DIRECTIONS.
For the material below, reproduce exactly each line from the one that has "Orange pumpkin with" through the one that has "Honey Blonde Highlight", and no others; pictures stay out.

DATA EXTRACT.
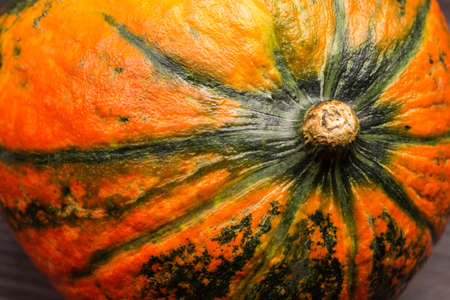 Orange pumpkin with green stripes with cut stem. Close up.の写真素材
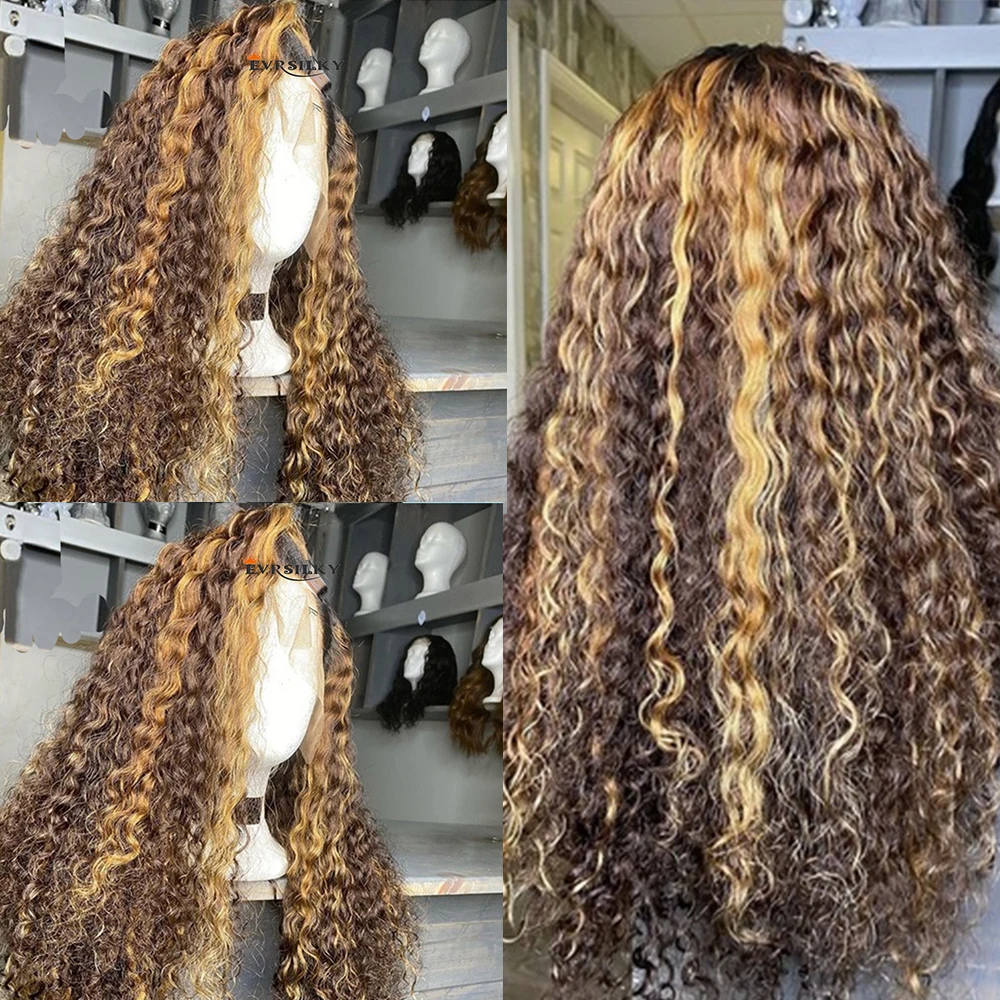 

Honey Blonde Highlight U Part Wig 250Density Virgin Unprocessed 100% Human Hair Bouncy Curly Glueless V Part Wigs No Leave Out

...

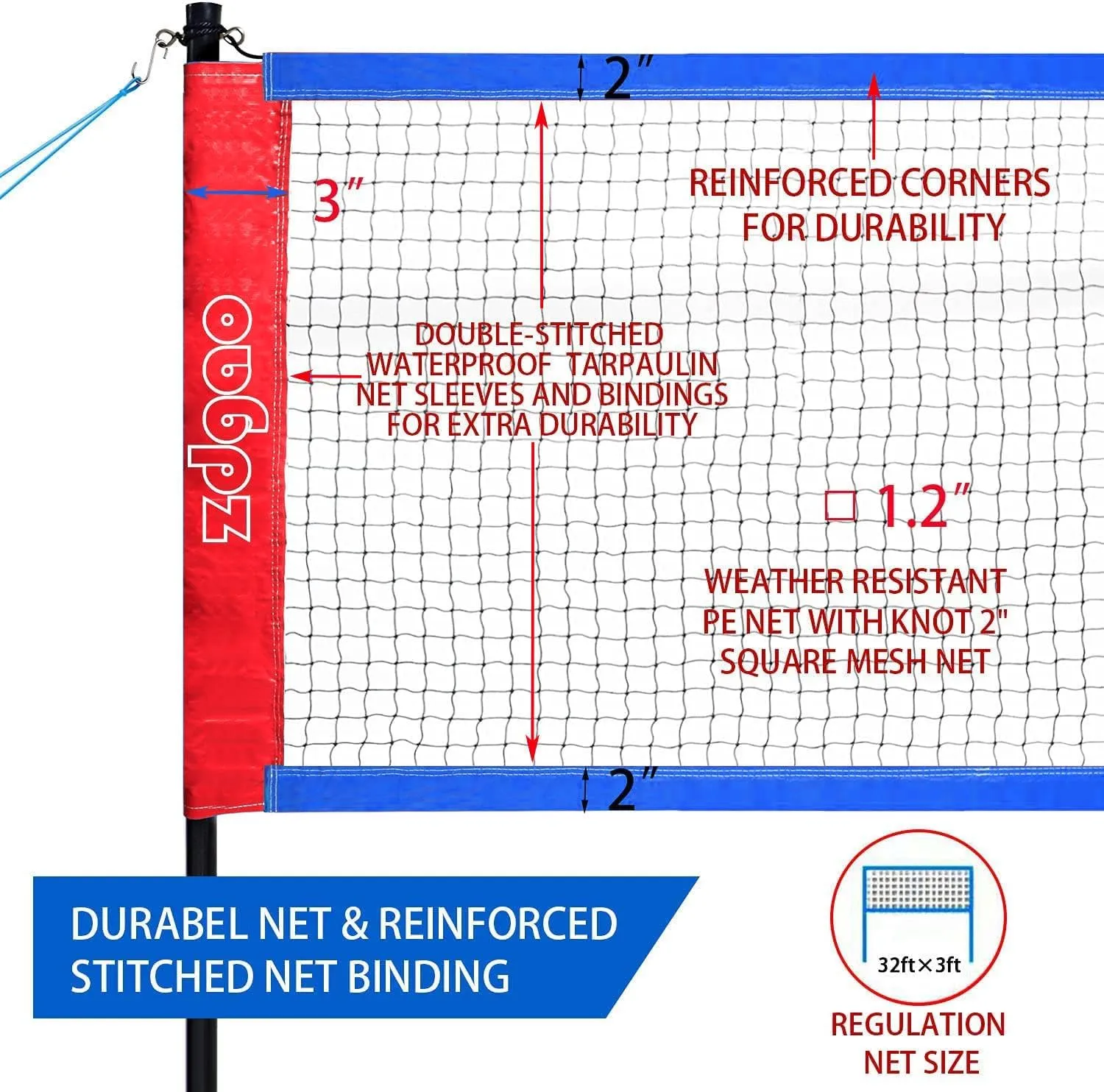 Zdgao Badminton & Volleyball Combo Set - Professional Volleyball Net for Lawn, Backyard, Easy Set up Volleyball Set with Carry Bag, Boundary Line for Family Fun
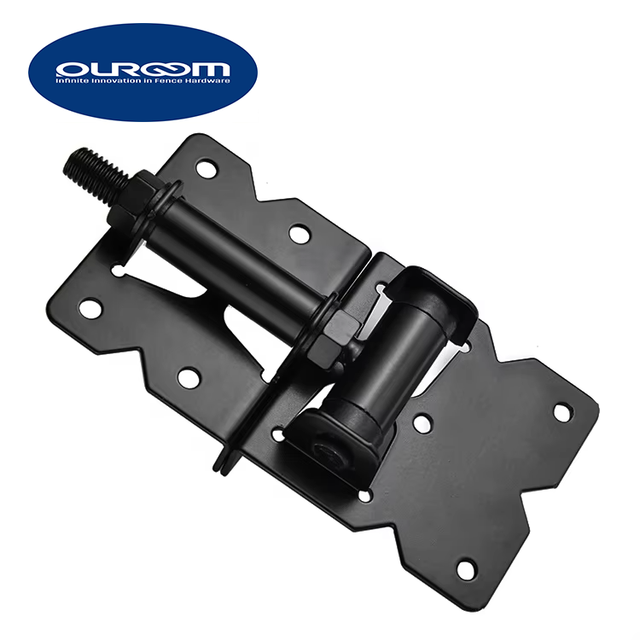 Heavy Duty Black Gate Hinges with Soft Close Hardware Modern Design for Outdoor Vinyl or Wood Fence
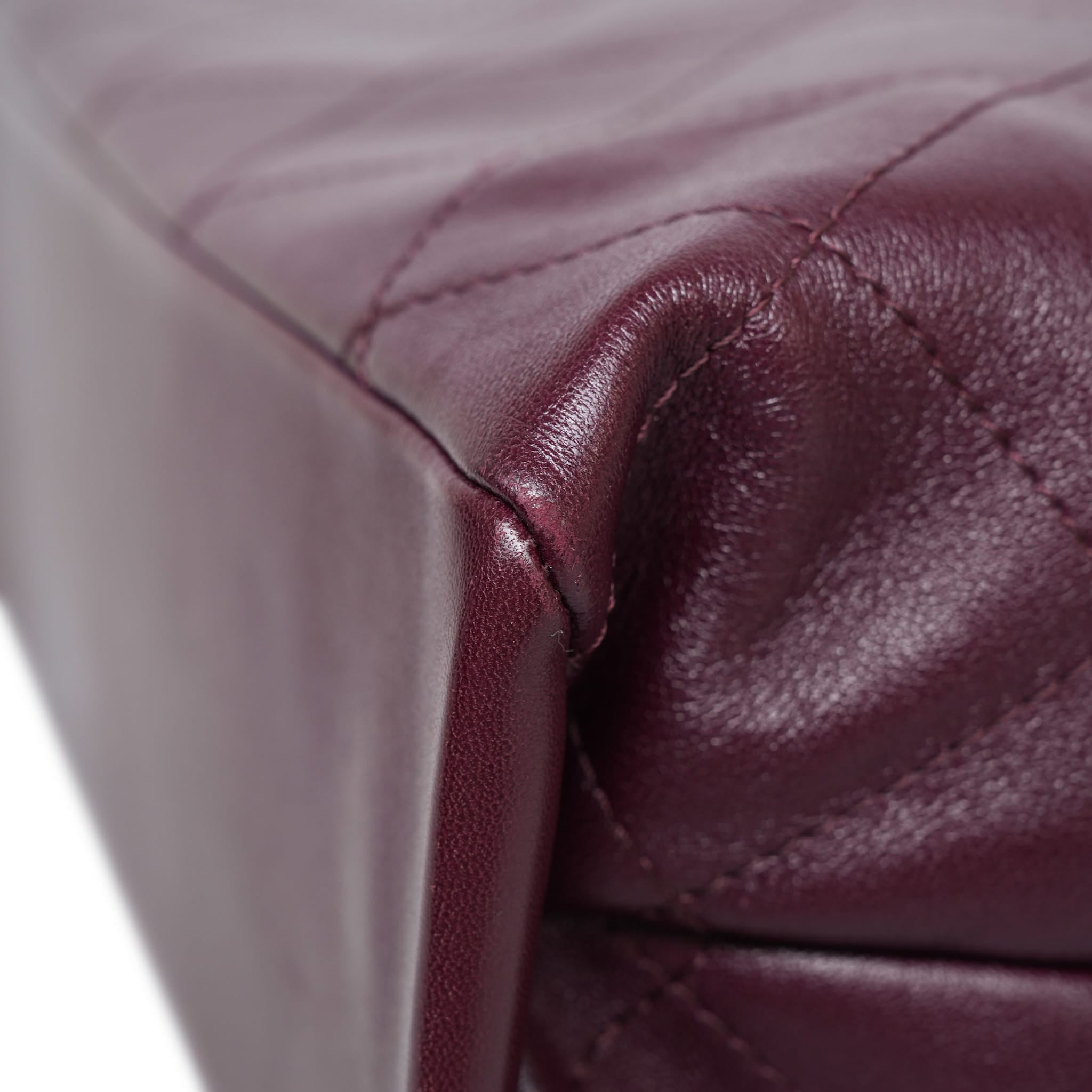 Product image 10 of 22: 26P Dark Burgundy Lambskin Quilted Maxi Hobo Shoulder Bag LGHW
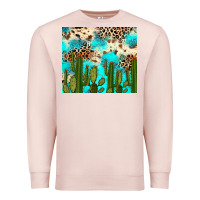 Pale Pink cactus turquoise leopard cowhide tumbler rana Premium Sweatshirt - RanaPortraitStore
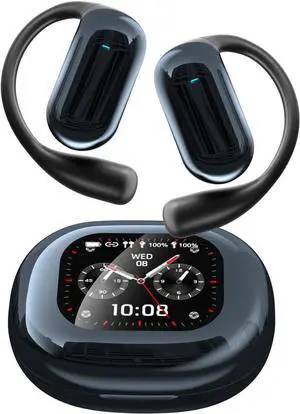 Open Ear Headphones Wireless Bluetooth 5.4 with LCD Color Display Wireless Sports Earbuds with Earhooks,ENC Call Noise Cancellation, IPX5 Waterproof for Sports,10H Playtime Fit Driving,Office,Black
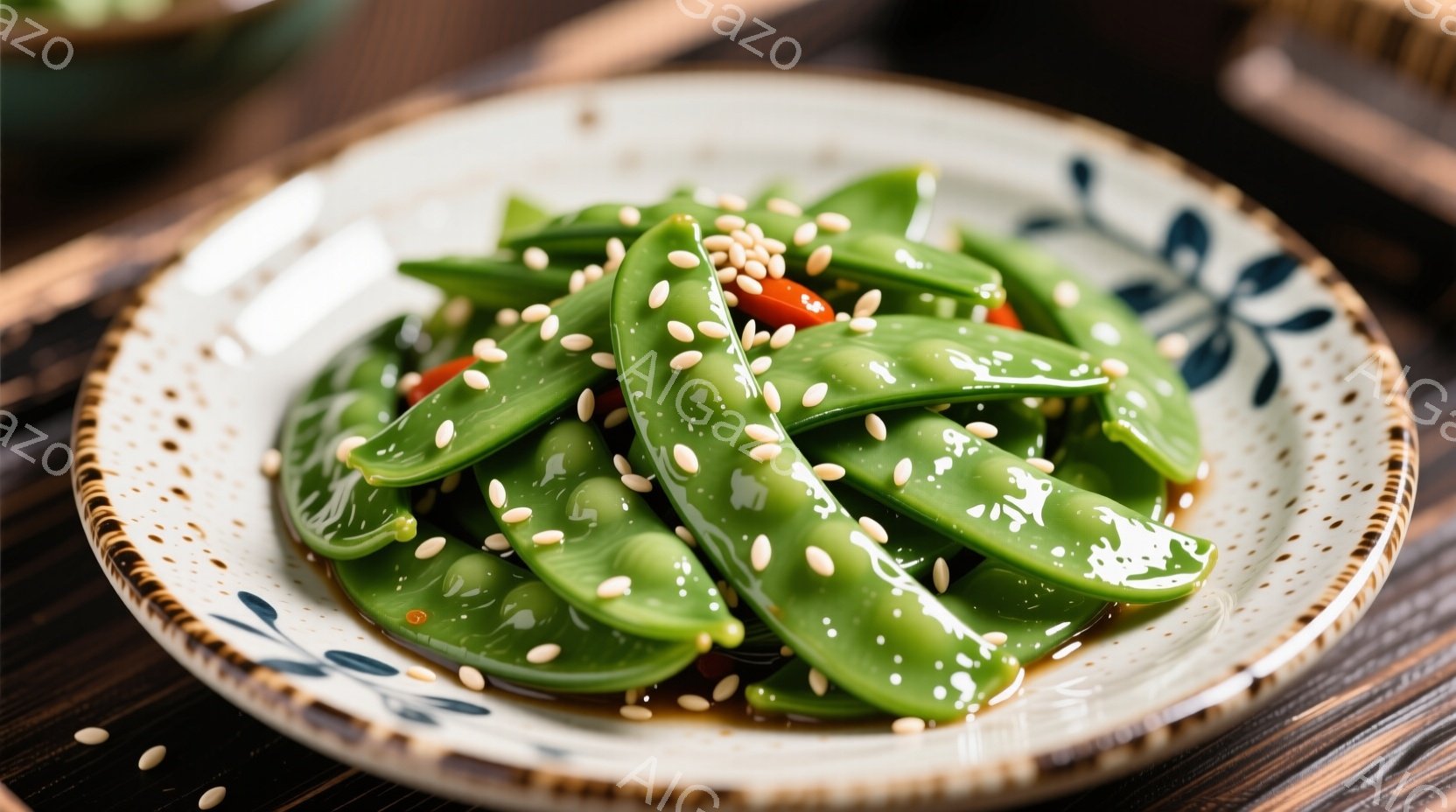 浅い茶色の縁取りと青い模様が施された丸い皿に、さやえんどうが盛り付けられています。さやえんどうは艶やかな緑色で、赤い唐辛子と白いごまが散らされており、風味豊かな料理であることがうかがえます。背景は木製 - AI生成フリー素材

YOUR SOLUTION.
 Orange pumpkin with green stripes with cut stem. Close up.の写真素材

Honey Blonde Highlight U Part Wig 250Density Virgin Unprocessed 100% Human Hair Bouncy Curly Glueless V Part Wigs No Leave Out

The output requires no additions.